It’s hard to see the way out of this storm of competing interests in Haiti. There is a quest for power involving the traditional elites, the US State Dept., the OAS and the rest of the “international community,” elements of the diaspora and remnants of the army that Tèt Kale were beginning to restore. The old Duvalierists are far from finished. The recent protests are yet another reminder that large swathes of the Haitian population would like to partake in the democratic process. After all, that’s what democracy is supposed to look like, right?.

Robert Fatton calls this “the unending democratic transition.” He continues to be right about that. The bird cannot build her nest.

February 1986 – “Those two weeks interim, when there was no infallible authority on Earth, were the happiest of my life.” David Nicholls resurrected these old words after the fall of Jean-Claude Duvalier. The protests, led by the ti legliz movement and moving to the sound of Radio Soleil, put the rotund dictator on shaky ground. Reagan decided to pull the plug, and Baby Doc was placed on a plane bound for exile. The monkey’s tail had snapped. Crowds flocked to the airport as old friends returned home after years away. They say that Christopher Columbus himself was uprooted in the flood and cast out to sea.

“Where is he from, this King of Haiti?” Admiral Caperton Invades Haiti, 28th July 1915

Admiral William B. Caperton and Dr. Rosalvo Bobo
Admiral William B. Caperton and Dr. Rosalvo Bobo

(This is not strictly a historical account. It is partially dramatized, fictionalized (if you prefer that word). See below)

The USA “has no design upon the political and territorial integrity of Haiti,” said Secretary Lansing. That was two weeks after they’d gone in. Two weeks after Williams Banks Caperton sent his men in to occupy Port-au-Prince.
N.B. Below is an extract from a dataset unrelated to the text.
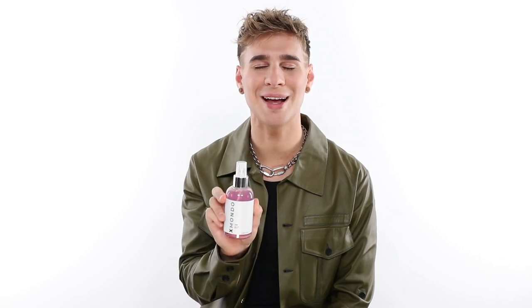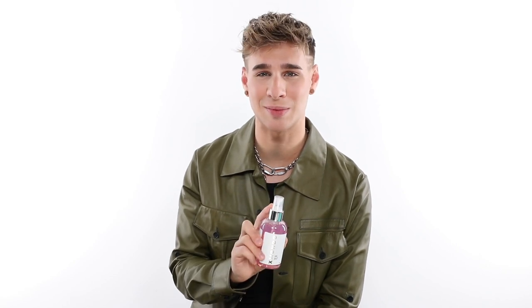Our sea salt spray is formulated with salt water from France, because at Xmondo we settle for nothing but the best. The thing that I love about our sea salt spray is it's not a super drying formula. This will help texturize your hair, form new wave, or enhance your existing wave pattern.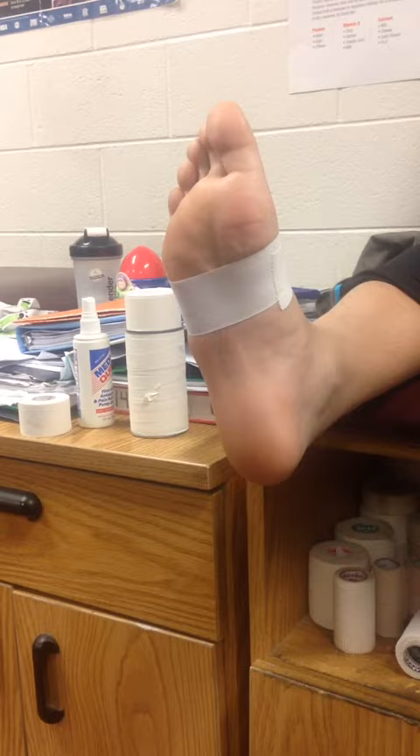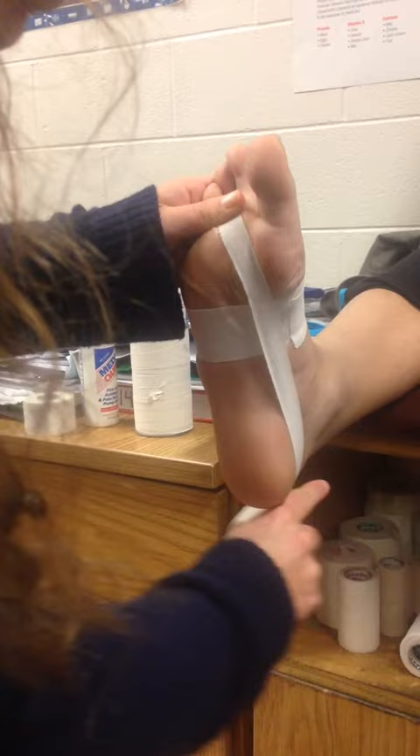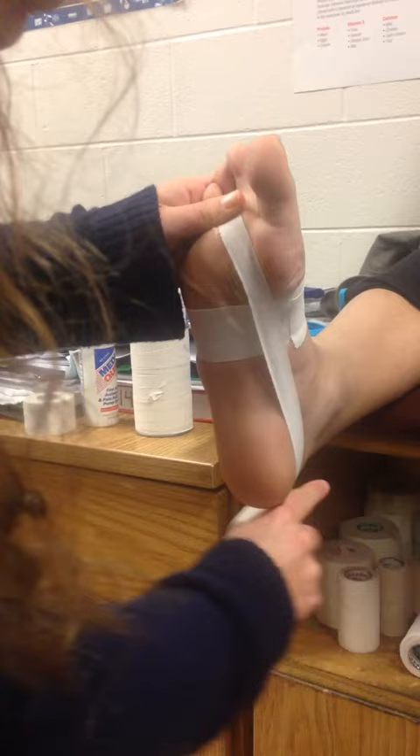Next we are going to start our anchor strips, and our first anchor strip goes from the third metatarsal, around the backside of the heel, and then back up to the third metatarsal.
He’d been peering at Haiti from his boat, the U.S.S. Washington, for months. It was one week before Admiral Caperton enacted the order to take control of the customs houses, and open a bank account for Haiti’s funds in his own name, “in trust for the people of the Haitian republic.”

It was the 28th July when it happened, as it’s told. The day when the tyranny of Vilbrun Guillame Sam could hold no longer, when his massacre of opponents in the National Penitentiary sparked an insurrection within the Port-au-Prince. The president took cover in the French Legation, but diplomatic protocol bore no barrier to the anger of those who’d lost their friends and family under Sam’s bullets. He was pulled out onto the streets, and publicly assassinated.

I could see that parade through my glasses,” and I knew I had to act. For months I had sat on the Washington, stifled by the heat, stuck on my boat, watching Haiti as a theatre from different vantage points. I moved my boat from Cap-Haitien, to Gonaïves, to the capital and back again, keeping an eye on events in that “volcanic republic” as I had been instructed to do. The French took great exception to the invasion of their sovereign territory. They had sent a gunboat, of the name Descartes, to demand satisfaction. “I landed before them. I had to.”

But the bluejackets were already on Haitian shores. Commander Olmstead has been sent to Cap-Haitïen months before, to stand between the town (and its customs house) and the revolution of the North. The USA already had the bank, the railway, and the Dominican Republic, and the desire in American eyes for the deep waters of the Mole St Nicholas was no secret. Caperton chose Captain van Orden to lead the assault; he had been to Haiti before, he shared the Admiral’s view that Haiti could, with American guidance, be restored. Had the Descartes merely forced his hand early?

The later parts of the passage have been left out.